Match With Other Sensors

Camellias grow best in well-drained soil with a pH of 6.0 to 6.5. Plant camellias close other acid-loving plants, such as “Jean Marie De Montague” rhododendron (Rhododendron x “Jean Marie de Montague” (H-3)), that will be hardy in USDA zones 6 through 9. Another option is “Happy Days” azalea (Azalea indica “Happy Days”), hardy in USDA zones 9 to 11. Space other plants at least five feet away from other plants to allow enough space for plants that are older to have great air circulation while also preventing the plant from needing to compete too far for water while getting established.

A Organic Privacy Screen

Plant rows of camellias as a hedge or to form a natural, colorful privacy display. Tall camellia cultivars that function like a hedge include “Yuletide” or “Spring’s Promise” Ice Angels camellia. “Yuletide” is hardy in USDA zones 7 through 10 and grows 8 to 10 feet tall, with a similar spread. “Spring’s Promise” rises in USDA zones 6 through 10, reaching heights and widths of 6 to 8 feet. American Camellia Society recommends planting camellias three feet apart when using them as hedges.

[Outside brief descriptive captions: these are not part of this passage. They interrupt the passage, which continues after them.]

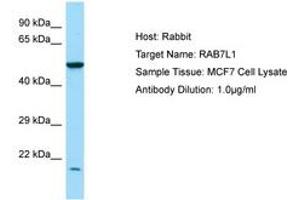 Image no. 1 for anti-RAB7, Member RAS Oncogene Family-Like 1 (RAB7L1) (N-Term) antibody (ABIN6750021) (RAB7L1 anticorps  (N-Term))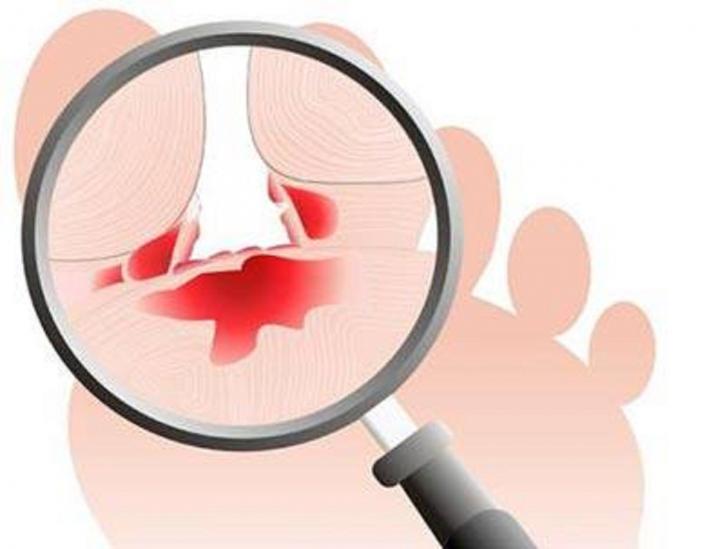 Image for Bunion Surgery Specialists with ID of: 3261655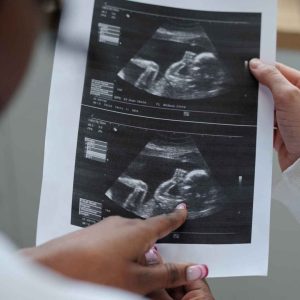menanti anak coming soon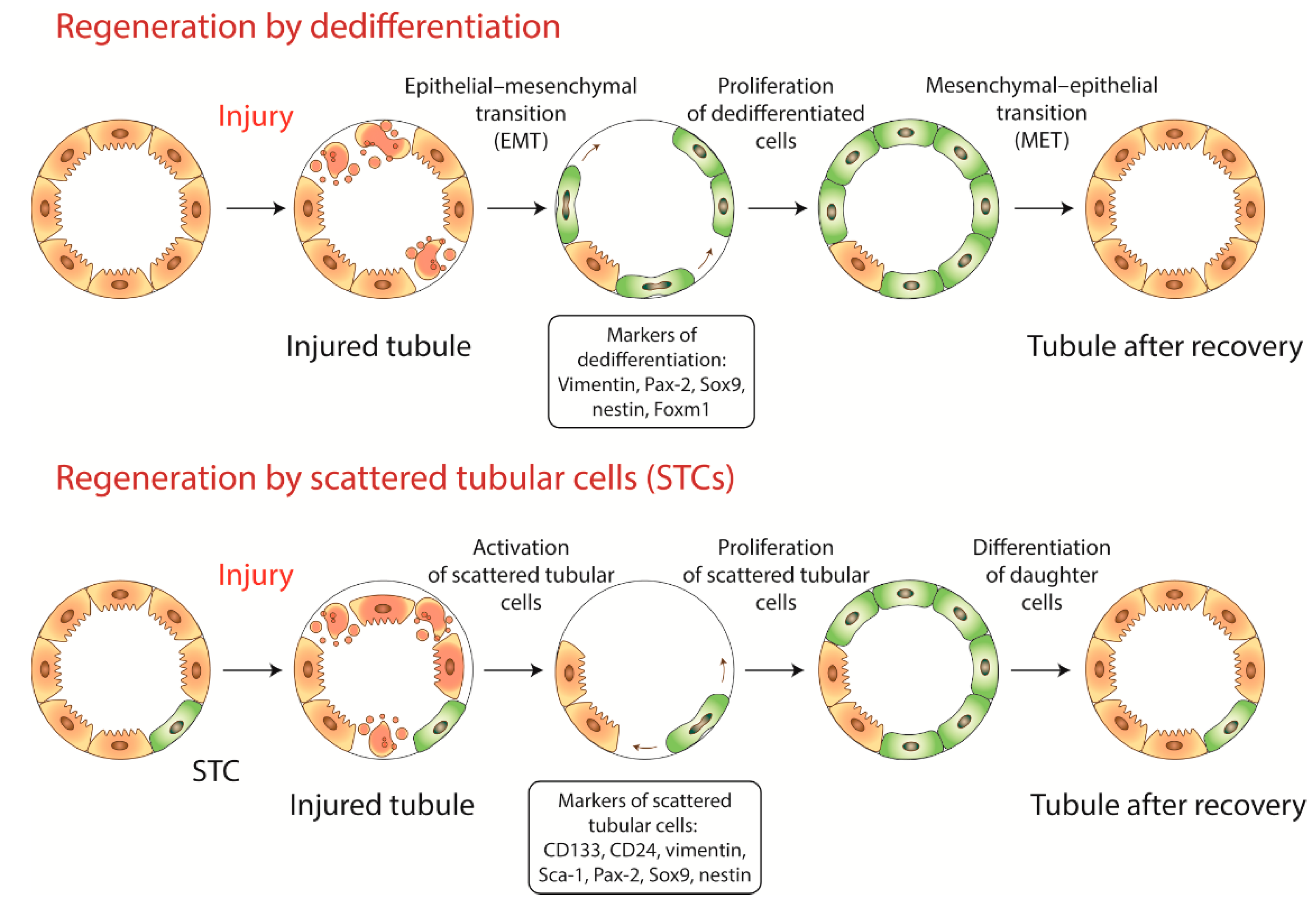 Ijms Free Full Text Kidney Cells Regeneration Dedifferentiation Of Tubular Epithelium Resident Stem Cells And Possible Niches For Renal Progenitors Html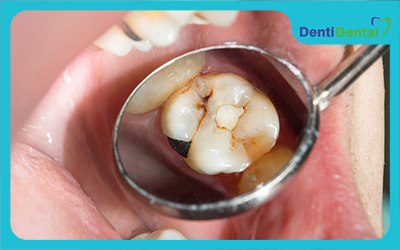 مواد ترمیم دندان چیست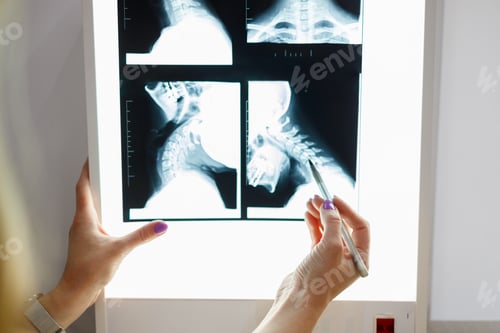 Preview: Close up view of doctor hand with pen pointing at x-ray image of neck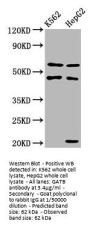 GATB Antibody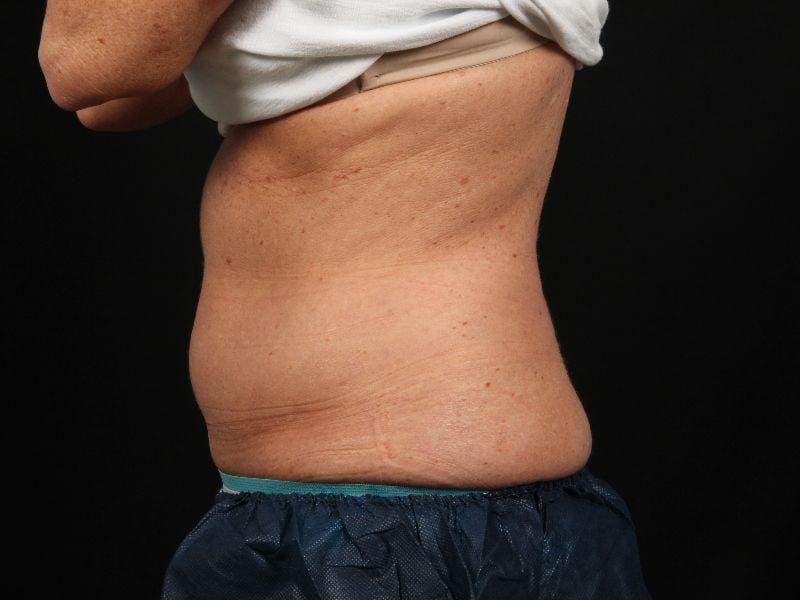 CoolSculpting Patient Photo - Case 13795 - before view-1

Produce Profuse, Multiseason Color

Produce a profusion of colour on your outside space. Camellias can be applied as a backdrop for shorter shrubs and perennials that bloom after camellias have finished thriving because the plants’ glossy, green foliage provides an appealing backdrop to the planting bed. Alternatives include putting other vibrant perennials in a similar shade and using a similar blossom time since the camellia to make a mass of color in the backyard. You could also plant camellias in planting beds, along with other shrubs and perennials with varying bloom times, to make a multiseason display.

Container Gardening

Grow camellias in containers to fill empty corners, then add attention to small outdoor spaces or to put on either side of an entryway. Smaller cultivars include “Fairy Blush,” which grows 4 to 5 feet tall and features dark pink flower buds that unfurl to reveal delicate pink flowers. “Marge Miler” is smaller, growing only 1 foot tall. It flowers in fall with delicate pink flowers. Repot container-grown plants every two or three years. Avoid having garden soil in containers since it can be too heavy. American Camellia Society recommends a potting mix for camellias and fertilizing the plants during the growing season using a camellia-specific fluid or using a mixture of 1 part iron and 4 components cottonseed meal.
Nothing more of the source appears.